Mittwoch, 10. Juni 2020

Schwarz auf Weiß, 46




Rezension


Schwarz auf Weiß
Das Sportclub-Fanzine
№ 46, Mai 2020
40 S.









Mit Demokratie in Fußballvereinen und dem Mitgliederverein als Konzept beschäftigt sich das in einer fußballspiel-, aber nicht demokratiefreien Zeit erschiene Heft des Fanzines der Freund*innen der Friedhofstribüne des Wiener Sport-Club. „Lasst uns mehr Demokratie!“ ist dabei die Schlagzeile – eine Paraphrase des epochemachenden Satzes „Wir wollen mehr Demokratie wagen“ des Sozialdemokraten Willy Brandt in seiner ersten Regierungserklärung als Bundeskanzler der Bundesrepublik Deutschland 1969, mit dem er eine gesellschaftliche und geistige Öffnung einleitete.
Im Editorial stellt man die Fragen dazu: „Was bedeutet Demokratie in einem Mitgliederverein? Wie kann das gelebt werden? Was bedeutet das vor dem Hintergrund einer Gesellschaft, in der autoritäre Strukturen wieder Unterstützung inden, in der Ausschluss wieder vermehrt akzeptabel erscheint?“ Antworten geben auch verschiedene Beiträge des Hefts.

Was ist die Aufgabe eines Fußballfans im Stadion? Nicht die „Mitwirkung bei Werbeaktionen“, findet ein kritischer Kommentar zu einer Sponsorenaktion zur Umgestaltung von Torjubel zu kommerzieller Werbung beim letzten WSC-Heimspiel. Ein alter Text aus dem Schwarz auf Weiß aus dem März 1998 berichtet vom Zwiespalt, aus der Fanszene in den Vorstand des Vereins zu kommen, und ein Gespräch mit zwei Protagonisten blickt auf vergangene turbulente Zeiten in den Jahren rund um die Aufspaltung in WSC und WSK zurück. „Im Vorstand hat uns nie jemand was gesagt. Du bist da gesessen für die Wand. Einmal hat sich der Willy Kaipel mit uns und der Angängervereinigung zusammengesetzt, um uns Dinge zu erzählen. Das war aber alles informell.“ Jedenfalls waren es in den 1980er/90er Jahren schwierige Zeiten als Fan, wie ebenfalls erzählt wird: „In der Zeit waren andere Vereine viel prominenter. Allen voran Rapid. Das war voll gschissen. Oder die VÖEST. Das war der gschissenste Verein überhaupt, damals. Wir sind oft grennt. Einmal haben uns am Heimweg fünf VÖESTler abgepasst, wir sind in irgendeinen Hauseingang geflüchtet.
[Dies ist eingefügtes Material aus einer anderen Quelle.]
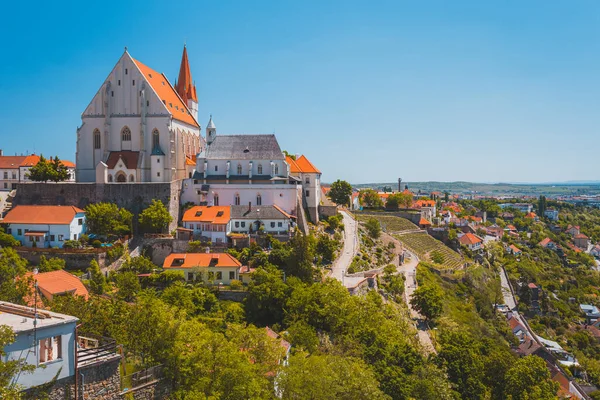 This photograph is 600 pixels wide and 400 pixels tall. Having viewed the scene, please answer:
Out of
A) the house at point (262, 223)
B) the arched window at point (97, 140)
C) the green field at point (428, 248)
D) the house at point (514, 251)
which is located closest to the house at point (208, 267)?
the house at point (262, 223)

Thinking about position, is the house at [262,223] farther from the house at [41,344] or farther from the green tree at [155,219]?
the house at [41,344]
Der GAK auswärts war auch scheiße. Du kommst hin und wirst sofort mit Gegenständen beworfen. So sind wir als Gruppe gewachsen.“ (Literaturhinweis für die jungen Leserinnen und Leser zu VÖEST-Hooligans: Reinhard Krennhuber, Ein Tritt zu viel. in: Ballesterer 90)
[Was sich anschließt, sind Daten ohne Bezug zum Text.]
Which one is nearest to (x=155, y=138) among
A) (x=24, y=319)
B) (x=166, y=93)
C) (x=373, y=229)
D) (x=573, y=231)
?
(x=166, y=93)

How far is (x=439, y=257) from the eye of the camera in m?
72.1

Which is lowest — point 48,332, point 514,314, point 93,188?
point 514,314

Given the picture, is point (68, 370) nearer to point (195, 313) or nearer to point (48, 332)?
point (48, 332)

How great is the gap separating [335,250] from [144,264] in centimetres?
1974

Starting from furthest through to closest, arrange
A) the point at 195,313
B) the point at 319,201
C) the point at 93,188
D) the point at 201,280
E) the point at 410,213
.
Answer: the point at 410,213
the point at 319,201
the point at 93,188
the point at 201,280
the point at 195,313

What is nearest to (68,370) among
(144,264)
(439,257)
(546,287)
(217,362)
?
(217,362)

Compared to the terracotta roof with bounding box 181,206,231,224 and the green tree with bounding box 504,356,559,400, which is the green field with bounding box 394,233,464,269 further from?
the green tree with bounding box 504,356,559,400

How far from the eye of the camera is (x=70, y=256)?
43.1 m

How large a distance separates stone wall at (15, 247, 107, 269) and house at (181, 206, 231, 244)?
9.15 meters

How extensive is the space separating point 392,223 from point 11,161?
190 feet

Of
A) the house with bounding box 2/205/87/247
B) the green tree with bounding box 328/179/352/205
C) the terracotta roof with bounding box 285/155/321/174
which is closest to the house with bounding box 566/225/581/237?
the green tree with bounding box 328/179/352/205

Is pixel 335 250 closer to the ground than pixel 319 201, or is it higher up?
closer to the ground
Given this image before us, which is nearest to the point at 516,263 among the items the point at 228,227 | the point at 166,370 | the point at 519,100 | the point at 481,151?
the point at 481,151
Zurück zum Hauptthema des Hefts: Information ist eine Problemstellung, die auch in weiteren Beiträgen zum Thema Mitgliederverein eine Rolle spielt. So gibt es eine Vorstellung der basisdemokratischen Konsensfindungsstrategie bei Roter Stern Leipzig, man erfährt über Herangehensweisen beim „unbeschriebenen Blatt“ Dresdner SC, über den im Dezember 2018 in einer Punk-Bar in Bratislava entstandenen FK Kozmos und über den erfolgreichen Kampf um die Vereinsführung bei Tennis Borussia Berlin, wo man mit gewisser Selbstirone auf den eigenen Verein blickt – „Etwa im Zehnjahresrhythmus fühlt sich Tennis Borussia zu Höherem berufen und nimmt freudig Anlauf ins Verderben.“ (das beste Zitat des Hefts). Einiges an Stoff zum Thema gibt es in zwei Interviews mit Leuten des FC United of Manchester, wo auch interne Verwerfungen zur Sprache kommen.
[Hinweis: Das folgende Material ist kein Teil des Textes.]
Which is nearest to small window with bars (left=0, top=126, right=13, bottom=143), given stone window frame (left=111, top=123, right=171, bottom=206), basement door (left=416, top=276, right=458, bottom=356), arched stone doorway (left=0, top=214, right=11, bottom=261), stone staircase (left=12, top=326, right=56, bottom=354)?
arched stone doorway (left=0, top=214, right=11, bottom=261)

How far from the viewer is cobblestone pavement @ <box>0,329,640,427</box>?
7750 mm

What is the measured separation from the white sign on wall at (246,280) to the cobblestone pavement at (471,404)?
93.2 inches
Spannend ist ein Artikel über das 1895 fertiggestellte und 1982 verkaufte einstige Klubhaus des Wiener Sport-Clubs in der Hernalser Rötzergasse (Nähe Jörgerbad). Weiters gibt es im Heft u.a. einen Bericht vom Besuch des Fussballfans gegen Homophobie-Hallenturnies in Zürich und einer anschließenden Groundhopping-Spritztour nach Italien. Dabei machte man schlechte Erfahrungen mit Flixbus. Zu ihrer Beruhigung: Damit sind sie nicht allein. Ohne zumindest einmal eine schlechte Flixbus-Erfahrung gemacht zu haben, ist die Welt des Fußballreisens nicht komplett erfahren.